旅行先や出張先で意外と困るのが、外したジュエリーの仕舞いどころ。私たち自身、ジュエリーを手軽に仕舞っておける使い勝手のよいものがほしいとずっと思ってきました。ジュエリーケースづくりの老舗メーカー協力のもと、オリジナルのジュエリーポーチづくりがはじまります。
手軽さと上質感を両立する生地
かたちはシンプルに、上質な生地で。押さえておきたいポイントを満たしてくれる理想の生地を見つけることからはじめました。
まず第一に、ジュエリーを傷めない、なめらかで柔らかいもの。もちろん、チープな質感では台無しです。ジュエリーを収めておきたくなる、持ち運びたくなる上質さは必要です。そして、なにより大切なポイントは適度にしっかりとした厚みとハリ。ここは外せませんでした。理由は後ほど。
真っ先に思い浮かんだのはレザー(革)。けれど、やや仰々しいというか、手軽に持ち運べる感じがしません。手軽で上質。なかなか難しいお題です。
ヒントをくれたのは、以前オリジナルで製作したジュエリー収納キット。ジュエリーをお届けする際のパッケージにはめると、そのままジュエリーケースになるアイテムなのですが、こちらに採用したのが上質なスエード調生地でした。
なめらかな質感で、生地自体もとても柔らかい。それでいて、上質さも感じられる。クリアしたい条件をほぼ満たしています。おまけに、イメージしていたチャコールグレーのカラーバリエーションも。
ただ、ポーチとして仕立てるには生地に張りが足りず、ふにゃふにゃとしているため、片手でもってジュエリーをポーチに入れる動作がやりづらい。あきらめきれず、ジュエリーケースメーカーの担当者の方に相談してみることに。
「厚みが足りないなら、貼り合わせてみましょうか。」なるほど、たしかに2枚分の厚みがあれば、よりハリのあるものに仕上がるはず。二つ返事で生地の貼り合わせをお願いしました。
仕上がった生地がこちら。なめらかな質感、柔らかさは保ちつつ、生地の厚みが増したことによって、上質感も増し、何より求めていたハリが生まれました。
暮らしの道具としてのポーチ
今回のポーチでいちばん大事にしたかったポイントは「手軽さ」。
たとえば、ポーチのなかに仕切りを設けると、ネックレスとリングをわけて入れることができたりして一見便利に感じるけれど、使っていくうちに面倒に感じてきたり、取り出したいジュエリーにうまく手が届かなかったりして、意外に手軽さが損なわれがちに。
毎日のように使えて、ながく愛用できる。暮らしの道具としてのポーチがつくりたい。
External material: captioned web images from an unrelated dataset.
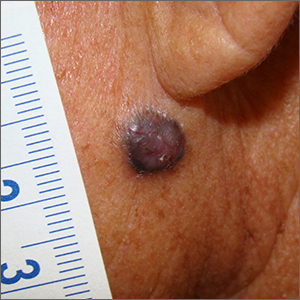 Dark facial lesion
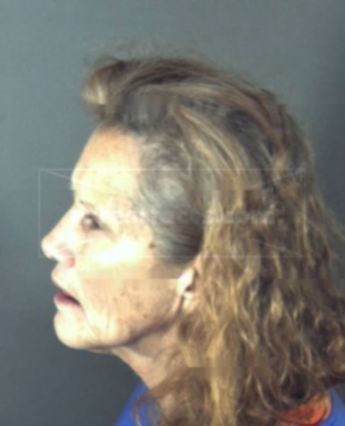 Patricia Ann Remmick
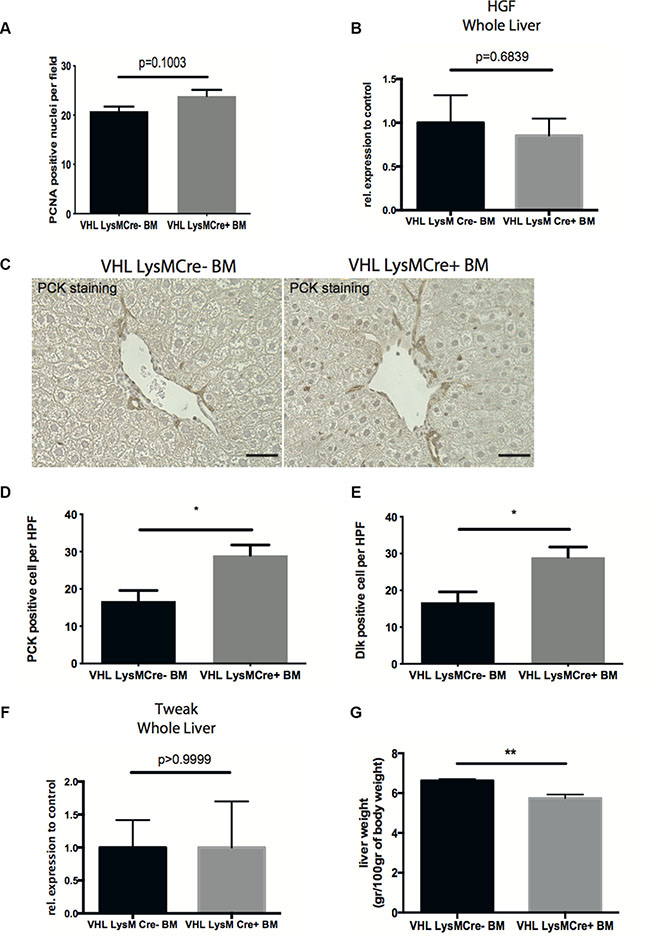 Deletion of VHL in myeloid cells accelerates liver regeneration.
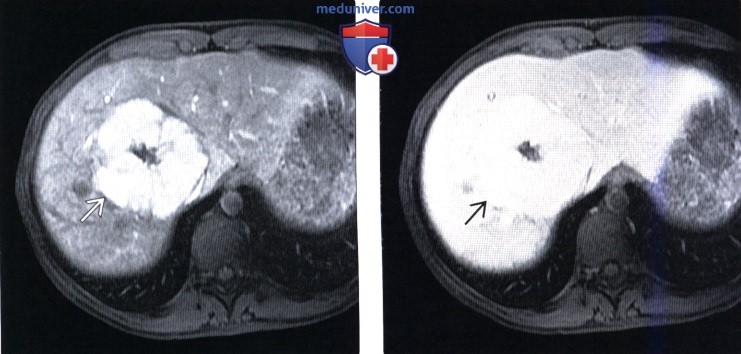 КТ, МРТ, УЗИ признаки очаговой узелковой гиперплазии печени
初心に忠実に、仕切りなどもつくらず、機能的にも、デザイン的にも、できるだけシンプルなものを心がけました。
シンプルなものほど奥が深いもの。見た目と持ちやすさ、使いやすさのバランスがちょうどよいところを探るのに、かなり時間をかけました。ケースメーカーの方が呆れてしまうほど何度も試作を重ねることになります。
サイズ感はどうするか。ホックタイプにするのか、ファスナータイプにするのか。フタのかたちをどうするか。フタを閉じたときの長さをどうするか。さまざまな可能性を試しながら、ちょうどいいラインを見つけていきます。
あまり深さがありすぎると、ポーチの中が見えづらいし、女性の手だとジュエリーを取り出しづらくなってしまいます。逆に浅すぎると、ジュエリーを取り出そうとした際に、ジュエリーが落としてしまったりする心配が。5mm単位でサンプルを作成し、ちょうどいい按配の深さを探っていきました。
シンプルさのなかに詰めこんだこと
なぜ、生地の厚みにこだわったのか。実はジュエリーポーチづくりでどうしても外せないポイントがありました。それは、ポーチを開いたときにパカッと開くこと。
取り出すジュエリーがしっかり見えて、間違えずに取り上げる。それが使いやすさに直結すると考えました。生地に生まれたハリのおかげで、フタをあけたときに、パカッと開き、ポーチのなかを見通せるように仕上がりました。
たとえば、ポーチの側面。持ち運びの際にジュエリーが落ちることがないよう、フタを閉じた際にすき間ができないように調整しています。フタがめくれるのを抑えるために、フタの角は丸く落とすことに。
ジュエリーが傷つかないように、共地でホック裏も隠しました。
スマートフォンを機種変更したときに、幅が数ミリ大きくなっただけで、すごく持ちづらくなった経験があります。ポーチのサイズ感にはかなり気を使いました。女性が片手でなんなく持てるサイズに設定しています。
シンプルながら、使い勝手のよいポーチに仕上がりました。